:: ABOUT THIS EXERCISE ::
Given the records below, would you repeat exactly the lines that begin at the one containing "Nyland e Neymar" and end at the one containing "Jim & Bobbie's Kid & Pet Friendly 27' Camper", inclusive?

:: GIVEN DATA ::

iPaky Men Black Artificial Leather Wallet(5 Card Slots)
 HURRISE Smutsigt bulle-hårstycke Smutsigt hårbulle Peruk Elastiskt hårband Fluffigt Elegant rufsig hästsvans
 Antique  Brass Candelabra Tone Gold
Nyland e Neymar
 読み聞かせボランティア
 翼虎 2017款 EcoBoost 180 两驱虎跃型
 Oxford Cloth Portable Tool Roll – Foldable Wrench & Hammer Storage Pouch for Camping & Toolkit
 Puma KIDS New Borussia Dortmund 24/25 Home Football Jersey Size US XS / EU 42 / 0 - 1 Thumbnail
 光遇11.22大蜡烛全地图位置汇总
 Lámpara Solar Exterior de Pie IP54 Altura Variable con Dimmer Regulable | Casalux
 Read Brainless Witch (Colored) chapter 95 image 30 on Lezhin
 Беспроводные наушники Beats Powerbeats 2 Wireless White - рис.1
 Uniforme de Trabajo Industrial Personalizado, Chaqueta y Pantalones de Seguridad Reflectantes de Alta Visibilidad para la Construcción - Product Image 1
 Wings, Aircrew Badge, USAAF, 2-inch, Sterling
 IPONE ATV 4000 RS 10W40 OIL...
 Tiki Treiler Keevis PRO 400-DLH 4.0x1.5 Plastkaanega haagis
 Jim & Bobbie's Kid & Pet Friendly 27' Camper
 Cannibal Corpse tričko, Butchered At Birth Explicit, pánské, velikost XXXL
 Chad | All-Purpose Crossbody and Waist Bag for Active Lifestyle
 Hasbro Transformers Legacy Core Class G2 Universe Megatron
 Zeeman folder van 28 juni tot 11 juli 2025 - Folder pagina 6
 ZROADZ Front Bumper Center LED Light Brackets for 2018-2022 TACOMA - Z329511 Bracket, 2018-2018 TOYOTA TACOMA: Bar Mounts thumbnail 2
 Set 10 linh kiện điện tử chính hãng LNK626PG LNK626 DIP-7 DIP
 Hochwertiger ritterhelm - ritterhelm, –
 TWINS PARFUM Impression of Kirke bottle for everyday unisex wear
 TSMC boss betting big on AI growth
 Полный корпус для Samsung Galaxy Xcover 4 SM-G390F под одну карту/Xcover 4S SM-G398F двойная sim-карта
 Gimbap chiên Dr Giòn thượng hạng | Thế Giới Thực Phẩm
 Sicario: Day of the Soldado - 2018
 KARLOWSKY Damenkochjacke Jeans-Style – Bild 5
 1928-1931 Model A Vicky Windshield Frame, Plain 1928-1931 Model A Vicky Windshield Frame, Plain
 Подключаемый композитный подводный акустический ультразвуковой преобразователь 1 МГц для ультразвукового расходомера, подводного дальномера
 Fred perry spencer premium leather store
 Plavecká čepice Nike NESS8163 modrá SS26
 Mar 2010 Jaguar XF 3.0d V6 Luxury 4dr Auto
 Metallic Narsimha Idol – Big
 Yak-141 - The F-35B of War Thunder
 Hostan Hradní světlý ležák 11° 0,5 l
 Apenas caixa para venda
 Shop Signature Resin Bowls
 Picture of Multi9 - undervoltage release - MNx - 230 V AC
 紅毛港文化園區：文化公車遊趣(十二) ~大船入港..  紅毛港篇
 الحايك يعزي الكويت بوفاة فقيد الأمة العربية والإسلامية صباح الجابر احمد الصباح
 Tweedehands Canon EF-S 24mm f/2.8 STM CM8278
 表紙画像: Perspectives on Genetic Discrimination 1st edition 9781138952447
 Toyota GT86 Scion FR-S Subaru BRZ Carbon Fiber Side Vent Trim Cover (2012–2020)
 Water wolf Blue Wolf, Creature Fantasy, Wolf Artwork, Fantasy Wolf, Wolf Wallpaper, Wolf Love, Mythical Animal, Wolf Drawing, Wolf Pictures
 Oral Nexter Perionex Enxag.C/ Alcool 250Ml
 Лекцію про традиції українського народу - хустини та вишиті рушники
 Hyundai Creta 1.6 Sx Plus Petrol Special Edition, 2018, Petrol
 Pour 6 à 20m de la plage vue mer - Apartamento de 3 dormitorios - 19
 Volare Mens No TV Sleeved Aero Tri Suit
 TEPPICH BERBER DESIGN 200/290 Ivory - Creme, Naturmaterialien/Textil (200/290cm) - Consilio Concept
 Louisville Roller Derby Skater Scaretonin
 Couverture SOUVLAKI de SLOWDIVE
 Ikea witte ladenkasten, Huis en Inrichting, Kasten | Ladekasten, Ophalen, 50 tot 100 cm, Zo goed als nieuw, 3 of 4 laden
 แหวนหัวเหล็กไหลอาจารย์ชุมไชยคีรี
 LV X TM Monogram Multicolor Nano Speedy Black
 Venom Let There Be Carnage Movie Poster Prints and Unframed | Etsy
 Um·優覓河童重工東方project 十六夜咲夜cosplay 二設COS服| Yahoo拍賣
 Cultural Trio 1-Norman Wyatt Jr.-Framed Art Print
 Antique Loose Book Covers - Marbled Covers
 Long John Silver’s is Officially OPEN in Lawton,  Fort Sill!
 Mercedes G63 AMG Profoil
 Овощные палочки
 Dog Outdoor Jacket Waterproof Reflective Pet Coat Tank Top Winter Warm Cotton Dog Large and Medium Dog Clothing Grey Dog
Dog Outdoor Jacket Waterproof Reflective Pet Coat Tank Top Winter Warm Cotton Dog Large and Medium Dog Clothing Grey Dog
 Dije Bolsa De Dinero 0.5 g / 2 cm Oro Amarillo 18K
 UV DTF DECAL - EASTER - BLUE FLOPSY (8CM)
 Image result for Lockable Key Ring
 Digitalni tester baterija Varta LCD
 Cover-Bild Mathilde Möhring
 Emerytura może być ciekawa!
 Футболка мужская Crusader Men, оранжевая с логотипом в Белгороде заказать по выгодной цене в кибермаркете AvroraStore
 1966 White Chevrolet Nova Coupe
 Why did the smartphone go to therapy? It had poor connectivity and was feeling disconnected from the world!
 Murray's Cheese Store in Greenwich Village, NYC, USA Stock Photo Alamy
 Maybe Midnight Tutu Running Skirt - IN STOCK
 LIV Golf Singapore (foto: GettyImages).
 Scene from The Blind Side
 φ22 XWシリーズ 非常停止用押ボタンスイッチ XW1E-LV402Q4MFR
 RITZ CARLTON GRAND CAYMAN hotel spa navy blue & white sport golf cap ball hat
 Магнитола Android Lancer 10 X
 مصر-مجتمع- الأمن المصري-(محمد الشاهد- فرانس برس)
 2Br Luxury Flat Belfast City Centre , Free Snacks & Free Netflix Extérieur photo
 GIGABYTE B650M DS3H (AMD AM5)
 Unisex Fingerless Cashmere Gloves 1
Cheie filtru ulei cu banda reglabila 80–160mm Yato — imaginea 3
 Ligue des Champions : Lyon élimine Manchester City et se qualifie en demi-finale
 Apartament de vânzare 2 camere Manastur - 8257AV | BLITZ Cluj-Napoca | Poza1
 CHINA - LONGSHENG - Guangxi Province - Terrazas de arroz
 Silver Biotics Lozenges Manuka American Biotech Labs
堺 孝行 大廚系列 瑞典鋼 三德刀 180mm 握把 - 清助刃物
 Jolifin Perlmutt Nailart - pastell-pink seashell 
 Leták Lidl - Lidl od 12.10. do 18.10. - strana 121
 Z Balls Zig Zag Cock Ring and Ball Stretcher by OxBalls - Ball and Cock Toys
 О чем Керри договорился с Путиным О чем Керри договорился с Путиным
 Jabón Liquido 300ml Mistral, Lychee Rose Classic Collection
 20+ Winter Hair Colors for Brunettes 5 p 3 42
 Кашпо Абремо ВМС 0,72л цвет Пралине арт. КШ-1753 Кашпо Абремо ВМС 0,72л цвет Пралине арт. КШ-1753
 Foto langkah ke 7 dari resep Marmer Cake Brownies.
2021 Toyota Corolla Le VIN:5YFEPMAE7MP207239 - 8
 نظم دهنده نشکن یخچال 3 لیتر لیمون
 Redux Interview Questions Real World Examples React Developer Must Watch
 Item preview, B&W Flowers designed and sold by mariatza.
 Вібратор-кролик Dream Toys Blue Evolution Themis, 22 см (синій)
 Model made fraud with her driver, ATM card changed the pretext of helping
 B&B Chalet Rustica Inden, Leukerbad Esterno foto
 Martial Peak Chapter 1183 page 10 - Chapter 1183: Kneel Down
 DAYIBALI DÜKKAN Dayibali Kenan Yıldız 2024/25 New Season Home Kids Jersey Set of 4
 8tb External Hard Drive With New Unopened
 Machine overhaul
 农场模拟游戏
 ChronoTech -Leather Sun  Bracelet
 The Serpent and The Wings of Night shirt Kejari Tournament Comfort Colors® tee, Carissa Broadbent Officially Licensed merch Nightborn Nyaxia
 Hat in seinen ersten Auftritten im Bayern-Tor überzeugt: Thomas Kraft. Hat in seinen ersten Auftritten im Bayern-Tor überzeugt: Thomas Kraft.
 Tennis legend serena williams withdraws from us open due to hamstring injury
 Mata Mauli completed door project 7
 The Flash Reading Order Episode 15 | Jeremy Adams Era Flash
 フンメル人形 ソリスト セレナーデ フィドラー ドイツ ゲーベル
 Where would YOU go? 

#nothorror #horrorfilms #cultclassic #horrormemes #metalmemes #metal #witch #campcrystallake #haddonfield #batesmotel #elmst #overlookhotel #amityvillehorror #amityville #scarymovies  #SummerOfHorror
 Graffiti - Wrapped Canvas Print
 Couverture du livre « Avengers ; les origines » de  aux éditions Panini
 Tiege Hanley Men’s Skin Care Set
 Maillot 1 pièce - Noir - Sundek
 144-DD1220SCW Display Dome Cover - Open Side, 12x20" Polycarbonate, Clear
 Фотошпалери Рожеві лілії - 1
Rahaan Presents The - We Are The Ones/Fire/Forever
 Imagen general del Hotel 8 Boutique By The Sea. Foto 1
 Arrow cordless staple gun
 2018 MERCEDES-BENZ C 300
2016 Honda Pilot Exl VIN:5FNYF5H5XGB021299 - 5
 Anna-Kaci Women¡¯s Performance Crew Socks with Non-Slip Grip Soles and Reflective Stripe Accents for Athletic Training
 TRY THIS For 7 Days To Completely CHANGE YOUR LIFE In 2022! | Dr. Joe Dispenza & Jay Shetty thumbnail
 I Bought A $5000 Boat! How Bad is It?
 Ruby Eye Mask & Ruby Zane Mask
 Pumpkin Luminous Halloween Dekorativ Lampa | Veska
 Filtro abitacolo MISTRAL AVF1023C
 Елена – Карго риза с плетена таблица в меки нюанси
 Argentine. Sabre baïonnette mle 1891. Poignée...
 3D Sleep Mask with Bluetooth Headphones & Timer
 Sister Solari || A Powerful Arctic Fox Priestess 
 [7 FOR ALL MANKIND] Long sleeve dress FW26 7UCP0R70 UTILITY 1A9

:: FINISHED EXERCISE ::
Nyland e Neymar
 読み聞かせボランティア
 翼虎 2017款 EcoBoost 180 两驱虎跃型
 Oxford Cloth Portable Tool Roll – Foldable Wrench & Hammer Storage Pouch for Camping & Toolkit
 Puma KIDS New Borussia Dortmund 24/25 Home Football Jersey Size US XS / EU 42 / 0 - 1 Thumbnail
 光遇11.22大蜡烛全地图位置汇总
 Lámpara Solar Exterior de Pie IP54 Altura Variable con Dimmer Regulable | Casalux
 Read Brainless Witch (Colored) chapter 95 image 30 on Lezhin
 Беспроводные наушники Beats Powerbeats 2 Wireless White - рис.1
 Uniforme de Trabajo Industrial Personalizado, Chaqueta y Pantalones de Seguridad Reflectantes de Alta Visibilidad para la Construcción - Product Image 1
 Wings, Aircrew Badge, USAAF, 2-inch, Sterling
 IPONE ATV 4000 RS 10W40 OIL...
 Tiki Treiler Keevis PRO 400-DLH 4.0x1.5 Plastkaanega haagis
 Jim & Bobbie's Kid & Pet Friendly 27' Camper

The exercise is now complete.